In Sri Lanka, Rajapaksha administration is not the first to intimidate the Supreme Court and the chief justice that holds the supreme mandate to guarantee the fundamental rights of citizens stipulated by the constitution. JR Jayawardana administration did the same. He even justified stoning judges as a democratic right of the people. Well, perhaps Mahinda Rajapaksha maybe the first to ignore the constitutional process to impeach a chief justice. However, the fact remains that there has been a considerable mass of people in any of these eras who jumped into justify these challenges on the very crest of judicial authority that protects of the fundamental rights of the people. The arguments are the same too. One popular pattern is to quote history – “look, it happened when the opposition was in power too! Then why do you blame our president?” Some others quote radical groups in the country like the JVP in 1980s and LTTE as a reason to justify heavy-handed action, often quoted as state terrorism – “look, people die in all counter terrorism actions!

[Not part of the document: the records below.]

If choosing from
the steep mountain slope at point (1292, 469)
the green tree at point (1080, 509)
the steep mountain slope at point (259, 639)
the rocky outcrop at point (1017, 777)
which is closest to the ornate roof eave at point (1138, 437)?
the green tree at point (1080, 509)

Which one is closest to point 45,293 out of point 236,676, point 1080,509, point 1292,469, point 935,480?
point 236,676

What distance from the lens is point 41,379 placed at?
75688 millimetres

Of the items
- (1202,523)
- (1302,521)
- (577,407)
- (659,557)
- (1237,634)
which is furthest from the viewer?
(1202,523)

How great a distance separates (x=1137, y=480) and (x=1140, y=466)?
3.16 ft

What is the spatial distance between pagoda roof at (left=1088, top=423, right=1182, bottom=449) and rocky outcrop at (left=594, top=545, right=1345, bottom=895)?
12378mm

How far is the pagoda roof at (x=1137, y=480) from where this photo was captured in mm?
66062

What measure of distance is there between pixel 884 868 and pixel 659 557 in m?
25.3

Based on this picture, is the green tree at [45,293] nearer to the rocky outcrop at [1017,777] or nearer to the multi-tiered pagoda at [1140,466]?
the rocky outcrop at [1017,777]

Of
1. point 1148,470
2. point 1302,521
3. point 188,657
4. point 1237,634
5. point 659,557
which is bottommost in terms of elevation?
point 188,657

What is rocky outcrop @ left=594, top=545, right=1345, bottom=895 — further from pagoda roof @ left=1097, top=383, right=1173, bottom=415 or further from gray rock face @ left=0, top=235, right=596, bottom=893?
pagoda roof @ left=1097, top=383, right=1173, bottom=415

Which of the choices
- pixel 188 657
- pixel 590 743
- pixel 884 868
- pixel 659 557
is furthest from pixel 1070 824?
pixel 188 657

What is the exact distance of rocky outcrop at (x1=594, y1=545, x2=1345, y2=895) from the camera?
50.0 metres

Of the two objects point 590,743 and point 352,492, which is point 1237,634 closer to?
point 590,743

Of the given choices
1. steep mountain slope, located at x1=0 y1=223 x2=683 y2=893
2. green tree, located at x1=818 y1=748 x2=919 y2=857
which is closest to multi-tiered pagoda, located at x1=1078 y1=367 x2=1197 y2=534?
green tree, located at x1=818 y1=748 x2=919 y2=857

Why do you blame this counter terrorism action only?”. Some others quote the West – “look, this is not the worst country in the World. Look at them. What is UN doing to them? Why us?” And, some paint all human rights defenders with a broad brush of the label – “the traitors”, or the “NGO agents nourishing on dollars”! Finally, they leave the people wide open and vulnerable, without realizing that someone related to them would also be victims one day. I bet many victims of human rights violations, including those who got shot or beaten by a military action on civilians in Weliweriya too, at some point, contributed to these arguments.

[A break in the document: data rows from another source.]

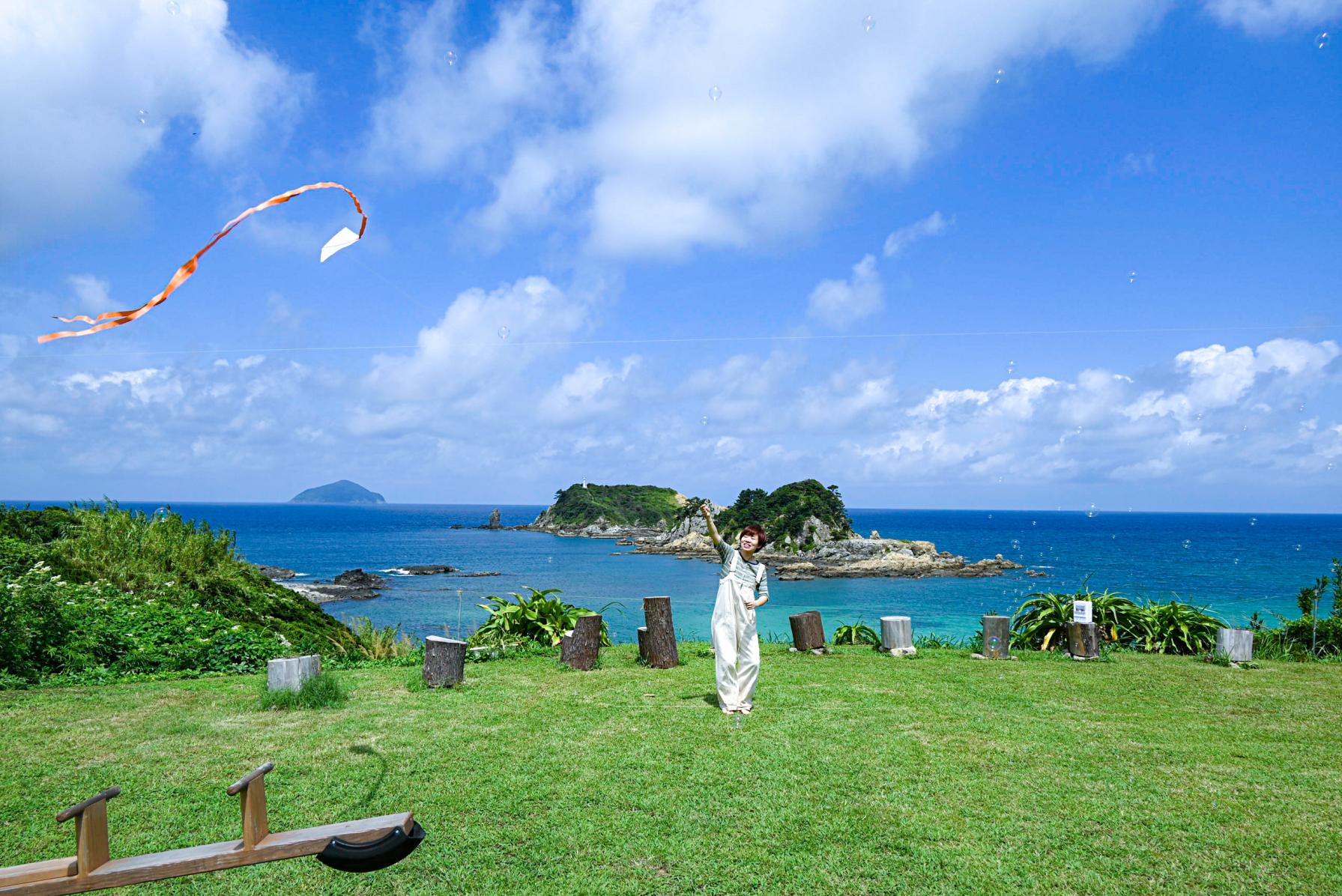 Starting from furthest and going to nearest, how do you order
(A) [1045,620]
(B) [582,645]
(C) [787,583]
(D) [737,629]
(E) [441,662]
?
(C) [787,583] → (A) [1045,620] → (B) [582,645] → (E) [441,662] → (D) [737,629]

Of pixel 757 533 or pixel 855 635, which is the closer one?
pixel 757 533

So, when there are groups in the very society that is supposed to give warmth and protection to the rights of the fellow countrymen justify blatant human rights abuses quoting history, radical groups, or even the West, and look down upon human rights defender as traitors, and when the Government denies the constitutional rights of the people, where should parents go? Parents of a child, like a mother or a father who cried for clean water in Weliweriya to see the dead body of their child, like a mother or a father who cried when the Jaffna library was burnt down with no culprit to be found in 1980’s (under JRJ), or a mother or a father who pleaded not to kill them during 1983 riots with no culprits to be found (under JRJ), or a mother or a father who lost their civilian child in the cross fire between the LTTE and the Government forces, during the last phase of the war? To people like George W. Bush? Or to an organization like the UN human rights council? Who can be better poised to serve a citizen of a random country who believes that his own country failed to protect his basic rights as a human being? Then, whose rights would those who protested the visit of Navi Pillay maybe protecting?  Whose rights would those who protested the visit of Navi Pillay maybe denying?